**Assigned task**. Only those lines in the data below from the line containing "May include: A blue" through the line containing "Close-up of the", both included, should be restated word for word.

**Material for this exercise**.
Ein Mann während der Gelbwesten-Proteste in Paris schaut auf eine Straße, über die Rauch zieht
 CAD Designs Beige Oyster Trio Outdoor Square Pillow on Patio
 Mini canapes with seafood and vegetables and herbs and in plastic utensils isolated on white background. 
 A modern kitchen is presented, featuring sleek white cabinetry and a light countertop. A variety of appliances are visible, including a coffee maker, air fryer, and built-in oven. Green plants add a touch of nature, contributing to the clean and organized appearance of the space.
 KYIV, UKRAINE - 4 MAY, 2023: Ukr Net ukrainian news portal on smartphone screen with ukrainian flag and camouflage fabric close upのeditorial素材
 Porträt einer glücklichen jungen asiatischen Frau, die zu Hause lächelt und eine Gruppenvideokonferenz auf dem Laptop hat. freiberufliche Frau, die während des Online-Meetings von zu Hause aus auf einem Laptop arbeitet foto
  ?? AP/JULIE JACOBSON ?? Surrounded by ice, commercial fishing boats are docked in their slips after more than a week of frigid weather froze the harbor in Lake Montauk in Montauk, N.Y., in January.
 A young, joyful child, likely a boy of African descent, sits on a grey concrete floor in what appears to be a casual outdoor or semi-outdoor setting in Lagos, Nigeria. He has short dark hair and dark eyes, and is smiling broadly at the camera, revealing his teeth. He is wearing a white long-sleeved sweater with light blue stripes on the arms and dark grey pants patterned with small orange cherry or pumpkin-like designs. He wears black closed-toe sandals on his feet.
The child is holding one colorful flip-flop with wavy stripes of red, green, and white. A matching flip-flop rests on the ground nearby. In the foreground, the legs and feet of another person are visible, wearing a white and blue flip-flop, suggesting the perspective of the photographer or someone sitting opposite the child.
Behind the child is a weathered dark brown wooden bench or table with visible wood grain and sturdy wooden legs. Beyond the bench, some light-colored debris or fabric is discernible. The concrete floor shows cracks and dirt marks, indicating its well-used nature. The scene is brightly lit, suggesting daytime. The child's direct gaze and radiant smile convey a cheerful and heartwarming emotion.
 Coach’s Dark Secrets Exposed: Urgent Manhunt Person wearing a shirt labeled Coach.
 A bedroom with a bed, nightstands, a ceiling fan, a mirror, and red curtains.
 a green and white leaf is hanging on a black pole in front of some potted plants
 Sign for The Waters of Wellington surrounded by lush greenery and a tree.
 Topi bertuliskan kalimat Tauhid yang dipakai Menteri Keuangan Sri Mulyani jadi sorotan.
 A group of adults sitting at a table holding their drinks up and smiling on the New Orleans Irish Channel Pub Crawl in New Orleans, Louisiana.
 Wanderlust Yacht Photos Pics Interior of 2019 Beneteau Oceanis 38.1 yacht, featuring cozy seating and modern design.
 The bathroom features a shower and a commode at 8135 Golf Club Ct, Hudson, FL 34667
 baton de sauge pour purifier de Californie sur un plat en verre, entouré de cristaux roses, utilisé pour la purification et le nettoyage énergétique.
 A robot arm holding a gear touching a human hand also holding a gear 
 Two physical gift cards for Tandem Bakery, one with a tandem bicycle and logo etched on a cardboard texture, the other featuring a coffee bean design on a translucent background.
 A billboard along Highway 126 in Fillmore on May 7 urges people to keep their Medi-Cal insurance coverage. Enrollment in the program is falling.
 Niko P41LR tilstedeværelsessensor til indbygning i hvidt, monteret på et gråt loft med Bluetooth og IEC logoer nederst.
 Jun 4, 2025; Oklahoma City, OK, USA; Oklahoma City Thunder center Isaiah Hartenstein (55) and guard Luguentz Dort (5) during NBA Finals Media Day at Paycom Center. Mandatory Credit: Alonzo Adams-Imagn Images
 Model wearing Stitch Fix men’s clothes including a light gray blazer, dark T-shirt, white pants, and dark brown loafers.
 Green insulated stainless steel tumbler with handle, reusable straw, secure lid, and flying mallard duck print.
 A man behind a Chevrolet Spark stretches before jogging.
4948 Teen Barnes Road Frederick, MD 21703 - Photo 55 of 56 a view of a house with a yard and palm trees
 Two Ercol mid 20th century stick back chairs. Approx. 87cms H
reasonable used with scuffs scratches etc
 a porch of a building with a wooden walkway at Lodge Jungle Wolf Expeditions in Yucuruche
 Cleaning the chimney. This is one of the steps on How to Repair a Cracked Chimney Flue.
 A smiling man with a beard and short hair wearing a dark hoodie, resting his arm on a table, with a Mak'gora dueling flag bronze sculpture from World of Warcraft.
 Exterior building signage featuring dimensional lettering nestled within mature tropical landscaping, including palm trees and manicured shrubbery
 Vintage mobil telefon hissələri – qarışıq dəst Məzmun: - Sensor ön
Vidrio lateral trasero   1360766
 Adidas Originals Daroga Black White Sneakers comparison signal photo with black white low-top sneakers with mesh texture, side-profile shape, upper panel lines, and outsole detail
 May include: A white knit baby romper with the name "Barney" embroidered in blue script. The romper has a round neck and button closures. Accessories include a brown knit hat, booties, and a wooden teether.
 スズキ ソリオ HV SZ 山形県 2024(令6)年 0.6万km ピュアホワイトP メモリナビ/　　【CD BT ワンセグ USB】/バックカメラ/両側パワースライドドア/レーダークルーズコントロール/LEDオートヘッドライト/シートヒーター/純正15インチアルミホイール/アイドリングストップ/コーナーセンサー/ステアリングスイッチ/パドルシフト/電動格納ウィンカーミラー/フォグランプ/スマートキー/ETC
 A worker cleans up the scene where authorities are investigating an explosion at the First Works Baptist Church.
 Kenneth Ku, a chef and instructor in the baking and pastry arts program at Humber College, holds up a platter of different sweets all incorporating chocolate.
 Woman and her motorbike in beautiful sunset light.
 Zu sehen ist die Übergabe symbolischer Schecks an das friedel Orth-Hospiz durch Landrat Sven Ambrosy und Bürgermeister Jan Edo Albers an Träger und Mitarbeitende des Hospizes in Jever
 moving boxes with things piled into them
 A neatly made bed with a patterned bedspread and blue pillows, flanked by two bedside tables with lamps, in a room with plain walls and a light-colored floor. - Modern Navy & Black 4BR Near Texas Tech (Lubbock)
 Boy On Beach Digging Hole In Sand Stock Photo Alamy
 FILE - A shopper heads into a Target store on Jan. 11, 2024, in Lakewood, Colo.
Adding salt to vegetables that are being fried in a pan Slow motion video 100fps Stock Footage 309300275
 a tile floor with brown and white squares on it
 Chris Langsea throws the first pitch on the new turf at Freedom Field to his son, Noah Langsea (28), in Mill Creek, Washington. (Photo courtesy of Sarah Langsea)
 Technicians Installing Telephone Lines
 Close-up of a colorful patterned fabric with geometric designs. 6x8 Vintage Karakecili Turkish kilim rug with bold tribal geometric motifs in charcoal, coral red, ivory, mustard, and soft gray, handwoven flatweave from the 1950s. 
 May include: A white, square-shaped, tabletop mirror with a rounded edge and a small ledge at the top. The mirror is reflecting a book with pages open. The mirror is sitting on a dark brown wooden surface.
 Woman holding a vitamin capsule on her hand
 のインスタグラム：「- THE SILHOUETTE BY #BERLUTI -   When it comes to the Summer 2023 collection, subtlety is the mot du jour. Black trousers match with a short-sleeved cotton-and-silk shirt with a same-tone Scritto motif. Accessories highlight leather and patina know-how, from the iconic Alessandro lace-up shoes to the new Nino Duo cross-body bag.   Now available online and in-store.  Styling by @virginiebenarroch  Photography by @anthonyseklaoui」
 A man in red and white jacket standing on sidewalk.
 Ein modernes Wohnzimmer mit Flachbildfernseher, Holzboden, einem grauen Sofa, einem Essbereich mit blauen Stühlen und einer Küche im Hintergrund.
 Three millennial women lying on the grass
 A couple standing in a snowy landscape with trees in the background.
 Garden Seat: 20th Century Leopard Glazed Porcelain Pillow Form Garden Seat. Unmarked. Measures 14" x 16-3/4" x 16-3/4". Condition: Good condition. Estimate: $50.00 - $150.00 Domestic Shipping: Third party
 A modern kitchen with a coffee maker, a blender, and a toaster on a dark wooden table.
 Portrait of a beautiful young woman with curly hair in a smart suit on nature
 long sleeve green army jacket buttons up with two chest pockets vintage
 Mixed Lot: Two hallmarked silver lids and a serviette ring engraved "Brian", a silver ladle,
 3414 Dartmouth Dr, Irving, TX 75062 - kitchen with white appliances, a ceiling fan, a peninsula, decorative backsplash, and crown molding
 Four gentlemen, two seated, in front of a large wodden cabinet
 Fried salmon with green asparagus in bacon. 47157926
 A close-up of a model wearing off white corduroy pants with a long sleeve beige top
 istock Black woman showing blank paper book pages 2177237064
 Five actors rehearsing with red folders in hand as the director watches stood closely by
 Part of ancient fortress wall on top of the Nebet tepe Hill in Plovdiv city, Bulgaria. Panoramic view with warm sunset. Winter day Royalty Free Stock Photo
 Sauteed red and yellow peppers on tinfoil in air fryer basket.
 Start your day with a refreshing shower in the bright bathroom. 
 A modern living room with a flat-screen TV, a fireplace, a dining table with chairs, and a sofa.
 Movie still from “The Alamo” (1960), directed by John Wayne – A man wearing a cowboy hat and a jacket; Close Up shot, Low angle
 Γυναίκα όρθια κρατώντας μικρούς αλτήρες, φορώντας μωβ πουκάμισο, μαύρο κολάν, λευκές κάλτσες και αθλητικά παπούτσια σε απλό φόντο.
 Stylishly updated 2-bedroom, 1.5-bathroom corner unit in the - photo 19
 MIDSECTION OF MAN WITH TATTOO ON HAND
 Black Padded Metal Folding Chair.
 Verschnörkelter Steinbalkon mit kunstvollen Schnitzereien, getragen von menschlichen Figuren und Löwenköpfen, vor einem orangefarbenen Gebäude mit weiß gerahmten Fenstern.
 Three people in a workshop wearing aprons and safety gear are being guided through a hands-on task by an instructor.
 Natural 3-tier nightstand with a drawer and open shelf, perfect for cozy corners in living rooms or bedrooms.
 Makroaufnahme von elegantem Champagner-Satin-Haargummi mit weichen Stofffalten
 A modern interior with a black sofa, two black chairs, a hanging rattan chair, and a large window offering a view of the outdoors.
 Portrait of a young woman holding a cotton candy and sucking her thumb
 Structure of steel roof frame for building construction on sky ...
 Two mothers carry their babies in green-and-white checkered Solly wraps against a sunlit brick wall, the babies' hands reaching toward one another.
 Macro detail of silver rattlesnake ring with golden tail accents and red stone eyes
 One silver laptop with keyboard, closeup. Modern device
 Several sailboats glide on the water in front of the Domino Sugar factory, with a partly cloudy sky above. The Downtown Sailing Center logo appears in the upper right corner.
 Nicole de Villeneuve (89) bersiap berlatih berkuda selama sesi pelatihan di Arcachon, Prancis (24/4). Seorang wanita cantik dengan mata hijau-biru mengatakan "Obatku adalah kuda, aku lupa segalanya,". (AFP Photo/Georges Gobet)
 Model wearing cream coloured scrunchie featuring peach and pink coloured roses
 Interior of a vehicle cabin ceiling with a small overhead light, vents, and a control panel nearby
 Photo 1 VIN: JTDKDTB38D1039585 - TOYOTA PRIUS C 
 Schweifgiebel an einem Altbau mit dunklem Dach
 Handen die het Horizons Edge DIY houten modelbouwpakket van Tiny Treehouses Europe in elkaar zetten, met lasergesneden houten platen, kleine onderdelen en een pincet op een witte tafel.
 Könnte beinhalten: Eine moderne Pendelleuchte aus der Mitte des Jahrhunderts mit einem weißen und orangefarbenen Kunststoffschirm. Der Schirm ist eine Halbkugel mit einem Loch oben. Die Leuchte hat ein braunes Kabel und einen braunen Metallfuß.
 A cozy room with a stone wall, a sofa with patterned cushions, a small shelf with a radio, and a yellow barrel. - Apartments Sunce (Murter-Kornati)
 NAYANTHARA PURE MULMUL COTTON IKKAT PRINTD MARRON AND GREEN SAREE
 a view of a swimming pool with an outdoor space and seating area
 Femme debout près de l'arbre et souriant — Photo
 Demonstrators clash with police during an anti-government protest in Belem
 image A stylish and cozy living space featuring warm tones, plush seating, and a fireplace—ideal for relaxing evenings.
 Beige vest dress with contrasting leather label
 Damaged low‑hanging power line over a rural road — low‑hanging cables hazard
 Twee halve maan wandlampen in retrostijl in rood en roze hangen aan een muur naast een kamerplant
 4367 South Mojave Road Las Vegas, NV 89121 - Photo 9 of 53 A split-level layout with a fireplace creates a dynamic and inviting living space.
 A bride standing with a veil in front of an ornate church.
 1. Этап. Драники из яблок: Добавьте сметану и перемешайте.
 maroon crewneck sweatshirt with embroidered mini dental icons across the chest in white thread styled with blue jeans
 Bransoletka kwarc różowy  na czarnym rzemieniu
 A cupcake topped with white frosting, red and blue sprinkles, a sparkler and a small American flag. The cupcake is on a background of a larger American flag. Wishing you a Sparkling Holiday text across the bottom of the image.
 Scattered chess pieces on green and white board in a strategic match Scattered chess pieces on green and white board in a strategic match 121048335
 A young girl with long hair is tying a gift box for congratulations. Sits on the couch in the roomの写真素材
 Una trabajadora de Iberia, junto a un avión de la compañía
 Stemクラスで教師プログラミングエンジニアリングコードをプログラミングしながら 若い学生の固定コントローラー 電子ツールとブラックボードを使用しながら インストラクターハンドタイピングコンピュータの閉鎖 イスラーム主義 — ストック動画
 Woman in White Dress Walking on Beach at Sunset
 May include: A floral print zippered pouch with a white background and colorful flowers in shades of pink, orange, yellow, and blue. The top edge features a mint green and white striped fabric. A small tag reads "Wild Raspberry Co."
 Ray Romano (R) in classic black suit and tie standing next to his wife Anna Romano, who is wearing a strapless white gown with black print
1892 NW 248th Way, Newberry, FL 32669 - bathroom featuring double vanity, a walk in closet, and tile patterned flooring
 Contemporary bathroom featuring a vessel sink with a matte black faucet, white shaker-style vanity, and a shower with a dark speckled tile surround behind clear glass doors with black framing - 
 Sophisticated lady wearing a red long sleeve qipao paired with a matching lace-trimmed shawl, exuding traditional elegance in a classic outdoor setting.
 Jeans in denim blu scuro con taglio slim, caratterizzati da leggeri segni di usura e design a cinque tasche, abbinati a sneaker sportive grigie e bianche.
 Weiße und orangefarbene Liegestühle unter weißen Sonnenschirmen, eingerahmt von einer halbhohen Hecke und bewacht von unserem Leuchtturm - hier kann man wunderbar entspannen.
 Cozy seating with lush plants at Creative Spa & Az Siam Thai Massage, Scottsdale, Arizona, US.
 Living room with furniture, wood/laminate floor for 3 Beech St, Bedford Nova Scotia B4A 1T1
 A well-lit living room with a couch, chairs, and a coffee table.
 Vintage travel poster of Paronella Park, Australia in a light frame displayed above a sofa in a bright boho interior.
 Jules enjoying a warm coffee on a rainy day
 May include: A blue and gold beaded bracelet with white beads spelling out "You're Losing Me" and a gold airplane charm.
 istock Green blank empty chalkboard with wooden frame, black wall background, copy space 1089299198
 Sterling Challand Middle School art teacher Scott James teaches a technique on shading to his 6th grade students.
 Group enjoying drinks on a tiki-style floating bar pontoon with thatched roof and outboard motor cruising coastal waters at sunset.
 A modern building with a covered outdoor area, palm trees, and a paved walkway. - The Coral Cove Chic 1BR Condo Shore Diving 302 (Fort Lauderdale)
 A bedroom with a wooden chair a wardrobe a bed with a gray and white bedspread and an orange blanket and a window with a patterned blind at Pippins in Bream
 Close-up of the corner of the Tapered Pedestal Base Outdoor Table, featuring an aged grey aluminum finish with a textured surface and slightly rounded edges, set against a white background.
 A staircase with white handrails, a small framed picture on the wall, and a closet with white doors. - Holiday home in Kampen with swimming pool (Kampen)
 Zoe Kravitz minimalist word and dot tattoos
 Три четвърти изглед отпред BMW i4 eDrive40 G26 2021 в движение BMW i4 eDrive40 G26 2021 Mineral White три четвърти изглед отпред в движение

**Result below**.
 May include: A blue and gold beaded bracelet with white beads spelling out "You're Losing Me" and a gold airplane charm.
 istock Green blank empty chalkboard with wooden frame, black wall background, copy space 1089299198
 Sterling Challand Middle School art teacher Scott James teaches a technique on shading to his 6th grade students.
 Group enjoying drinks on a tiki-style floating bar pontoon with thatched roof and outboard motor cruising coastal waters at sunset.
 A modern building with a covered outdoor area, palm trees, and a paved walkway. - The Coral Cove Chic 1BR Condo Shore Diving 302 (Fort Lauderdale)
 A bedroom with a wooden chair a wardrobe a bed with a gray and white bedspread and an orange blanket and a window with a patterned blind at Pippins in Bream
 Close-up of the corner of the Tapered Pedestal Base Outdoor Table, featuring an aged grey aluminum finish with a textured surface and slightly rounded edges, set against a white background.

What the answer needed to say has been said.